Material provided START

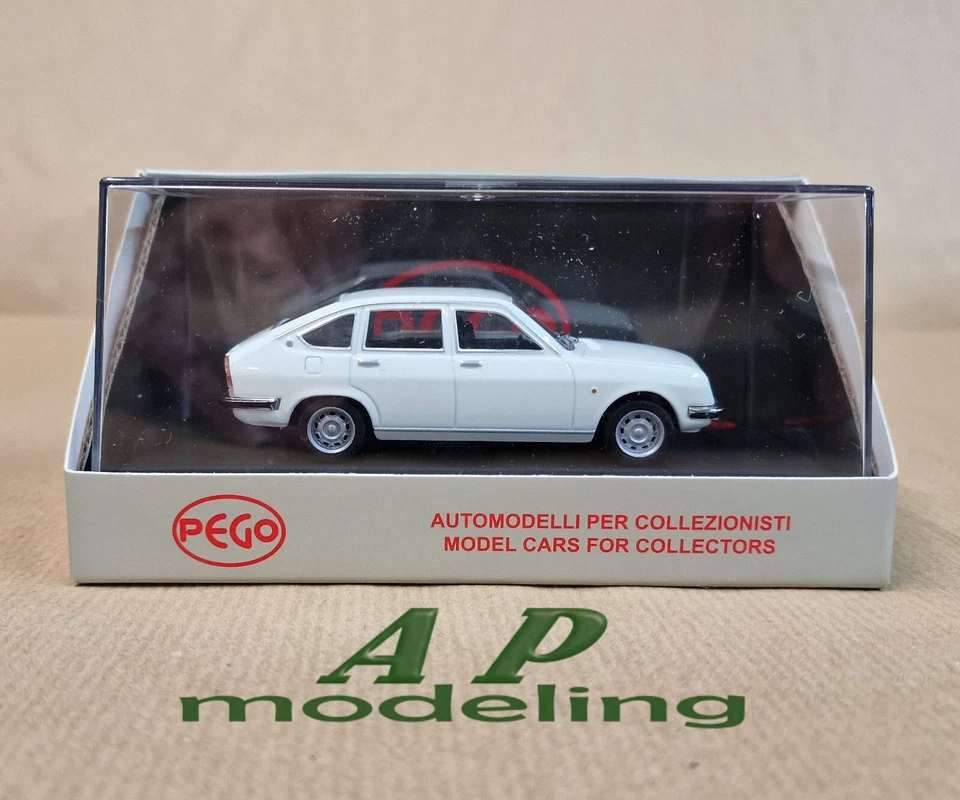 modellino auto 1:43 lancia beta automodelli vintage da collezione della pego - Immagine 2 di 4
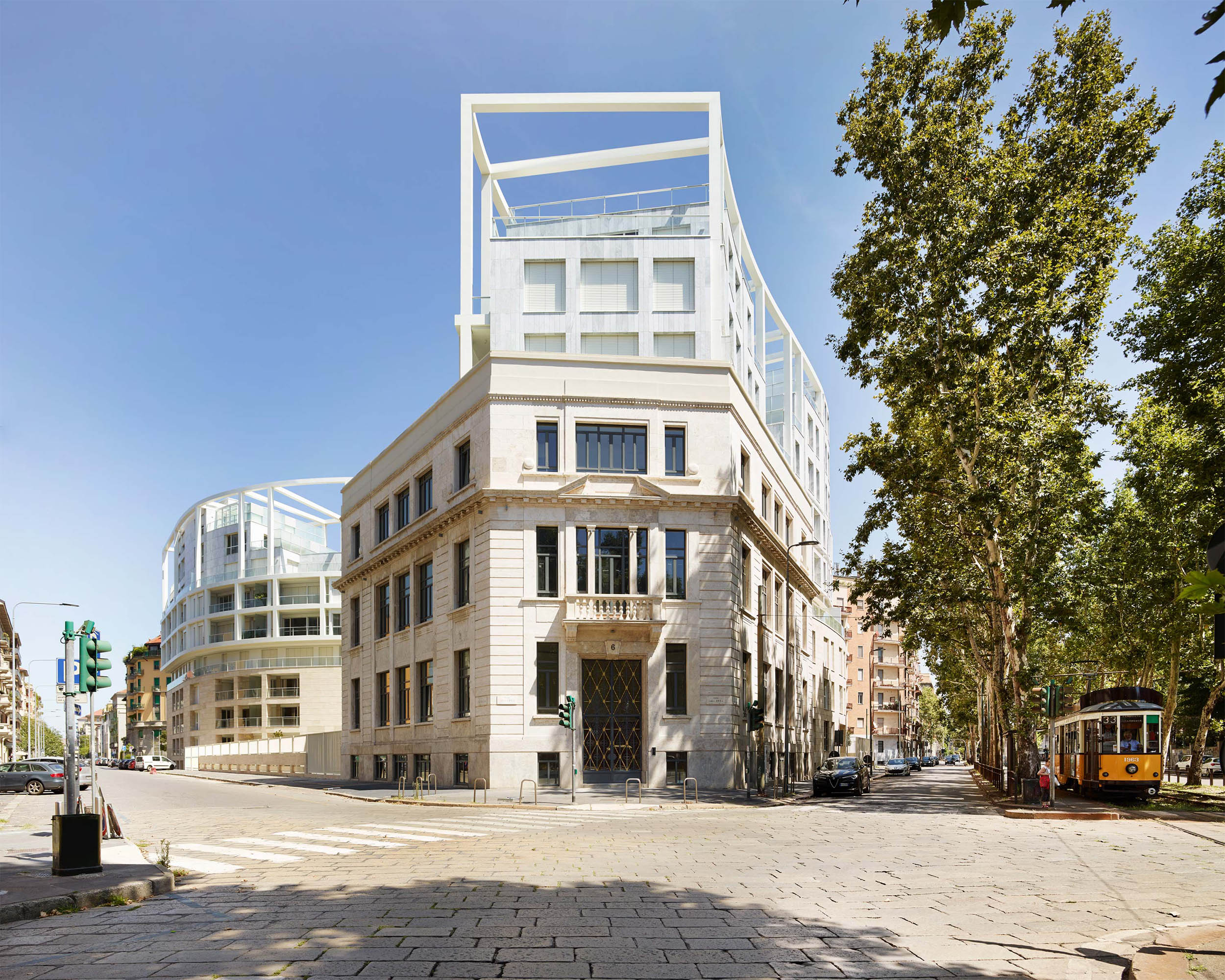 米兰 Carlo Erba 住宅楼 | 现代建筑与古典环境的完美融合-13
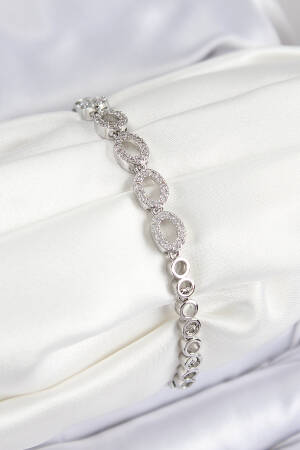 Oval Pattern Silver Color Women's Bracelet With Brass Zircon Stone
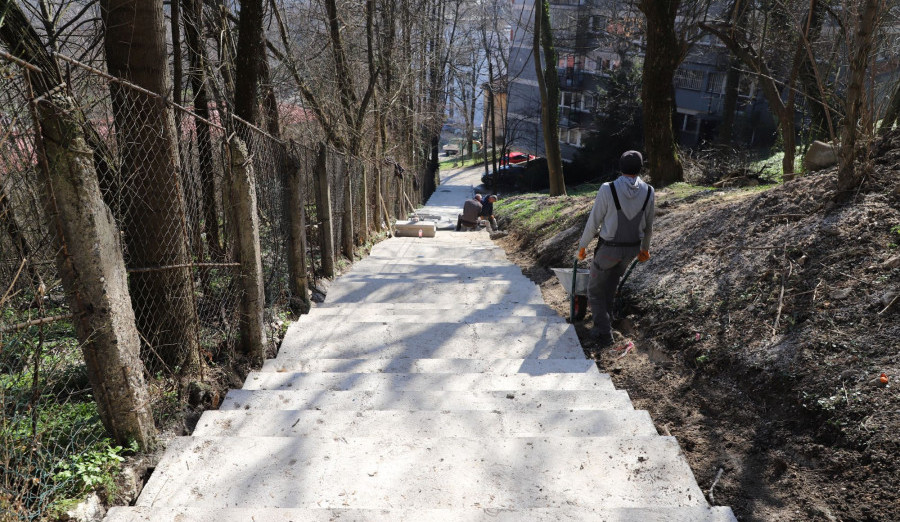 Privode se kraju radovi na sanaciji stepeništa u Prusačkoj ulici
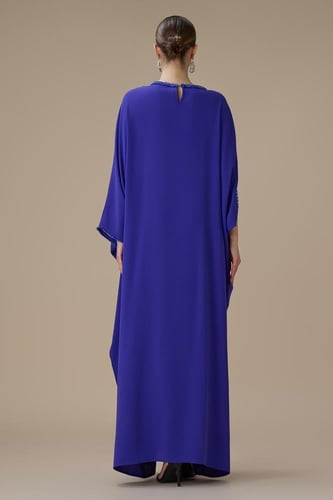 جلابية أنيقة باللون الأزرق بتطريز خرزي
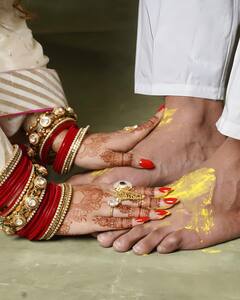 Holi 2024: पहले छुए पति के पैर...फिर रोमांटिक अंदाज में लगवाया गुलाल, शादी के बाद सोनारिका भदौरिया ने यूं खेली पहली होली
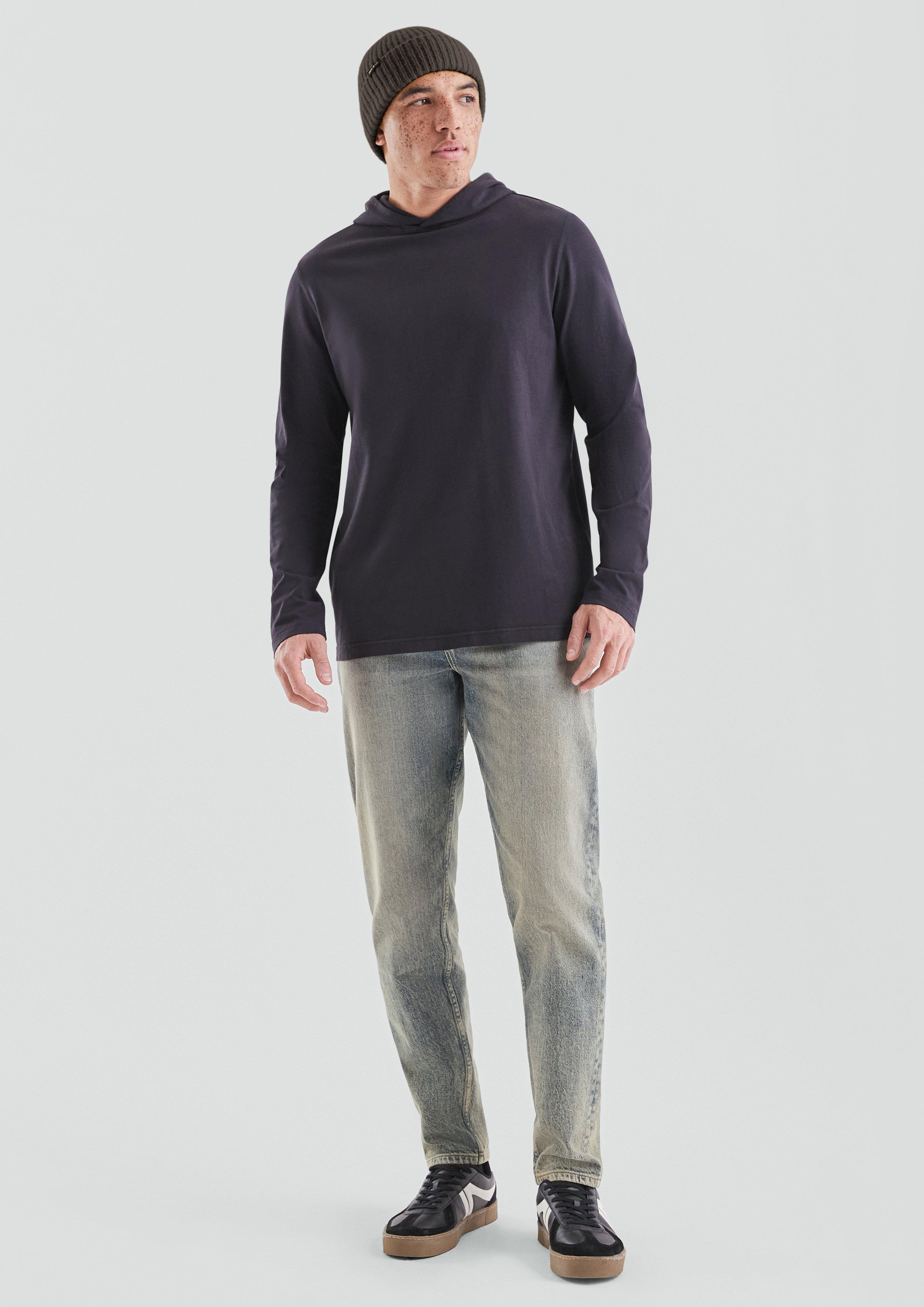 Čiapka in 8947, 94W0, 9999 & 0300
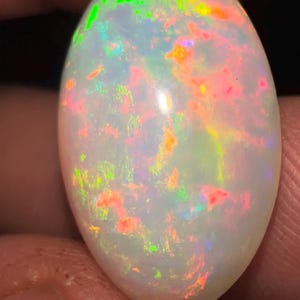 Sällsynt etiopisk ädelstensgrad Opal 265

Material provided END

**Your assignment**.
Copy the material above in full and exactly, skipping pictures.

**Response to this exercise**.
 modellino auto 1:43 lancia beta automodelli vintage da collezione della pego - Immagine 2 di 4
 米兰 Carlo Erba 住宅楼 | 现代建筑与古典环境的完美融合-13
 Oval Pattern Silver Color Women's Bracelet With Brass Zircon Stone
 Privode se kraju radovi na sanaciji stepeništa u Prusačkoj ulici
 جلابية أنيقة باللون الأزرق بتطريز خرزي
 Holi 2024: पहले छुए पति के पैर...फिर रोमांटिक अंदाज में लगवाया गुलाल, शादी के बाद सोनारिका भदौरिया ने यूं खेली पहली होली
 Čiapka in 8947, 94W0, 9999 & 0300
 Sällsynt etiopisk ädelstensgrad Opal 265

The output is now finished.